Carnby ha scritto:Non mi stupirebbe se fosse avvenuto un passaggio da mugniere a mugnaio nella Toscana di qualche secolo fa.
Vede, caro Carnby, codesta —non se la prenda: la sua (lo so) era solo un’osservazione fatta di passaggio, ma mi porge il destro per mettere in guardia «i piú giovani» :D— è la classica congettura di chi formula magari ragionevolissime e teoricamente verosimillime ipotesi senza però premurarsi di trovarvi un riscontro nei dati documentari (…e questo non succede soltanto in linguistica! :evil:).

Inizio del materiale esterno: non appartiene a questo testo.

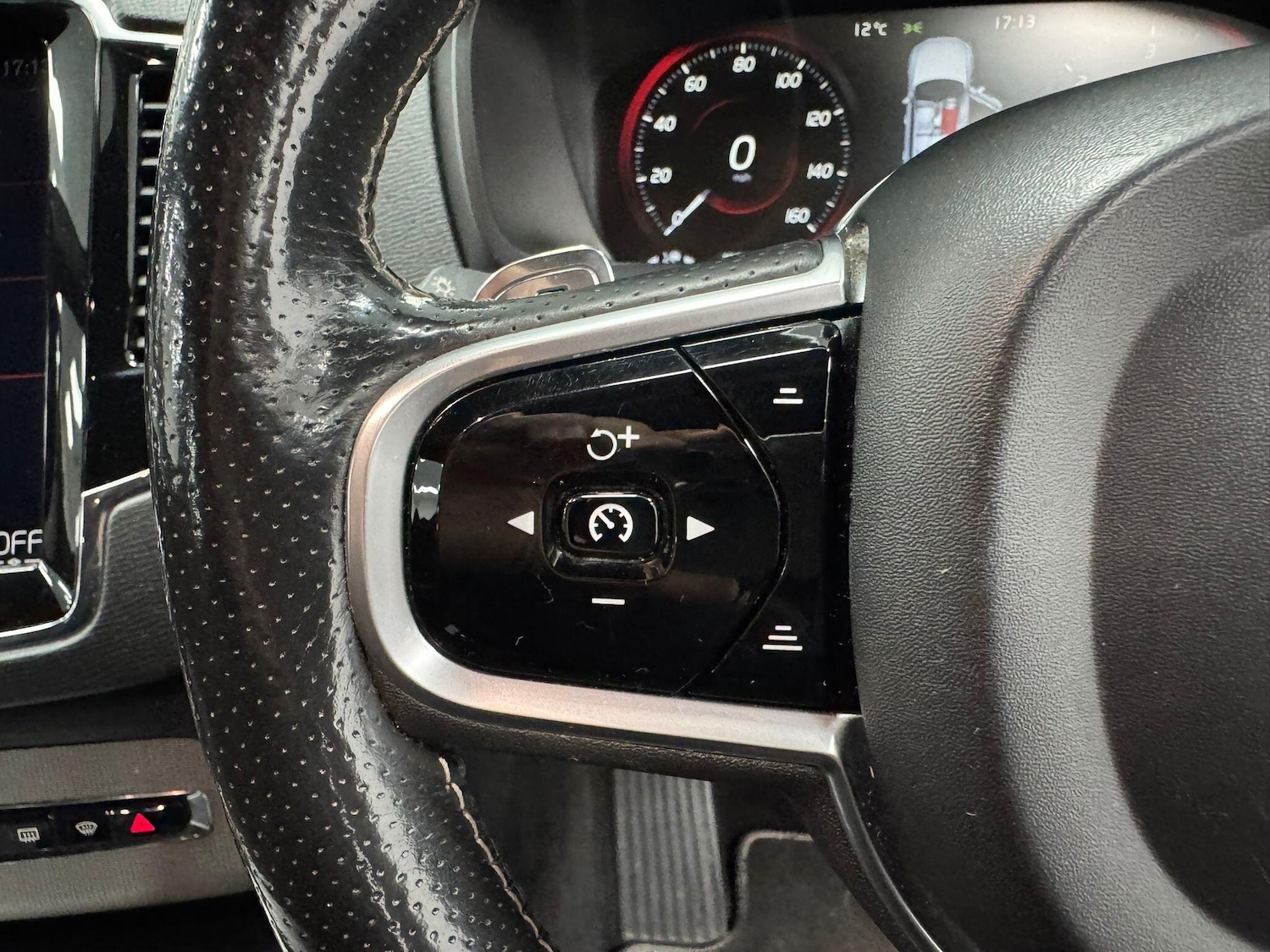 Used Volvo XC90 2017 for sale - 76591940: Photo 19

Rimando per tutt’i dettagli all’articolo del Castellani, ma, riassumendo, alle argomentazioni di fonetica storica suesposte si aggiungano le seguenti (riprendo in ordine sparso quelle del Castellani):
  1. Pare strano che per un mestiere come il mugnaio si ricorra a un prestito;
  2. La Toscana [medievale e moderna] si trova al centro di un’area (compresa in un’area piú vasta in cui si conserva il tipo molinaroMOLINĀRĬU[M]) in cui si conservano cinque tipi, tutti (seppur in modo diverso) foneticamente riconducibili a una base comune (*MOLNĀRĬU[M], appunto), e cioè: munaro, munnaio, mollaro, mugnaio, mogliaio;
  3. In particolare, per rispondere al dubbio di Carnby: se davvero, secondo la «tesi di Meyer-Lübke/Battisti/Pianigiani», il nostro mugnaio venisse dall’antico francese mounier, ci aspetteremmo delle forme intermedie del tipo *moniere, *muniere, *mogniere o *mugniere, di cui però non rimane alcuna traccia… To’, ma la prima attestazione di mugnaio è del sec. XIV, si dirà… ERRORE! :D Bisogna tener conto [anche] delle carte latine di Toscana, che ci forniscono già dalla prima metà del sec. XII il nostro mugnaio nella forma che ha oggi negli antroponimi Mugnaius e Mugnarius (il secondo in una forma [piú] latineggiante).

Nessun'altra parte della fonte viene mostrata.